それは前の時間軸……、囚われのミーアに面会した時のこと……。

「ルドルフォン辺土伯は、君たち帝室や、大貴族が見捨てた民に食料を与えた人物だ。民草の恩人だ。そのような者を殺せば、どんな事態を招くのか、考えなかったのか?」

どこか呆れた様子でシオンが肩をすくめた。

「君たちは、そんな簡単なことも考えてなかったのか?」

あの時、ミーアは何も言い返すことができなかった。

事実として、ルドルフォン辺土伯は処刑されていて、それに怒った民衆の手によって、革命はなったからだ。

だけど、だけれど……。

本当は、ミーアは言いたかった。

したり顔で、偉そうに言うシオンにぶつけてやりたかったのだ。

そんな馬鹿な話はない、と。

――お父様が、そんなことをしたとは思えませんわ。

ミーアの父親である皇帝は人気取りのために、臣下を処刑したりはしない。なにせ、興味がないのだから。

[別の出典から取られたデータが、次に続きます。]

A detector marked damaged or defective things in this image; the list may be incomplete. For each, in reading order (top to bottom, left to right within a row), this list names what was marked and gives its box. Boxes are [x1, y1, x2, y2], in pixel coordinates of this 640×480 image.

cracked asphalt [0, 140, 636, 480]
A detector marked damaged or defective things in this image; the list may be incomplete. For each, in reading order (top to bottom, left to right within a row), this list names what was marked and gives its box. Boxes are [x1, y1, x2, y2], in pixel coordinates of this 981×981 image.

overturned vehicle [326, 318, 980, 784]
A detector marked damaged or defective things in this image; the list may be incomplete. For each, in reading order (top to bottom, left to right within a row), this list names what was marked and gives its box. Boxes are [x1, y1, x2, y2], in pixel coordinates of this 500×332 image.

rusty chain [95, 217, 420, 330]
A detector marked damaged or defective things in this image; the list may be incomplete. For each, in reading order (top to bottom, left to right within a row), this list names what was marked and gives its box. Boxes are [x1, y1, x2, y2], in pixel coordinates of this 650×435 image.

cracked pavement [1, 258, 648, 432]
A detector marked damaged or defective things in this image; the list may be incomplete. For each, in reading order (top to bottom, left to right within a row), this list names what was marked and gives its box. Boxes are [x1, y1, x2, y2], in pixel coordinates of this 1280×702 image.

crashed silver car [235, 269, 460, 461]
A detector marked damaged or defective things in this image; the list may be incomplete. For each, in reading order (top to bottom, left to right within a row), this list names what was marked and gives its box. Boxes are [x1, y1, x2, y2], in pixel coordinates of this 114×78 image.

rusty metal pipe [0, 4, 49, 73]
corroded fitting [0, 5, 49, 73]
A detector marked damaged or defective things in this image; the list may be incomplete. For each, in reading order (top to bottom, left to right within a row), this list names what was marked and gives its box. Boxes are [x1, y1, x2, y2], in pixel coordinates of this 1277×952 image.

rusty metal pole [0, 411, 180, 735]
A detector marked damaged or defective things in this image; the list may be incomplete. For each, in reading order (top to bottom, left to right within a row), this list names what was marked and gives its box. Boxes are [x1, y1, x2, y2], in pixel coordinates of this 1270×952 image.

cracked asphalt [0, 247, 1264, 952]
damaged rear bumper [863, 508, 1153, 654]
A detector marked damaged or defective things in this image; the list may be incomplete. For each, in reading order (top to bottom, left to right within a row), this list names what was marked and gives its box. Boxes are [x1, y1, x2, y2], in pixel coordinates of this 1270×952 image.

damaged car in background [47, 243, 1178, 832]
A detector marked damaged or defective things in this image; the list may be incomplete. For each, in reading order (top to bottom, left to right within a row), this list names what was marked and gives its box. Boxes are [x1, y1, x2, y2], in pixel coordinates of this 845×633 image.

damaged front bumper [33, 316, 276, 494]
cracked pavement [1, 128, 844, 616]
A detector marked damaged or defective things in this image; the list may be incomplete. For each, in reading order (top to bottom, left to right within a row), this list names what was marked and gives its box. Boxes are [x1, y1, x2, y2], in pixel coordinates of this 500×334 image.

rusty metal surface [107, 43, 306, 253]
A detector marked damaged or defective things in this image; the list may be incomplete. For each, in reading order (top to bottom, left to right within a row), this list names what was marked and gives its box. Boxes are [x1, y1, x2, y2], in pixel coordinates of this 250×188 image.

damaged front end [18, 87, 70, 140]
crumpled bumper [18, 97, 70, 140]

逆説的に、民衆の人気を気にするような人ならば、あそこまで帝国が悪化することもなかったのだが、それはさておき……。

あの時に体を襲った、何とも言えないねっとりとしたような違和感。

飲み込んだ反論、言いたかった言葉を、ミーアは満を持して言った。

「……それ、なんだかちょっとおかしいですわ」

けれど、続く言葉は、新たなる闖入者によってかき消されてしまった。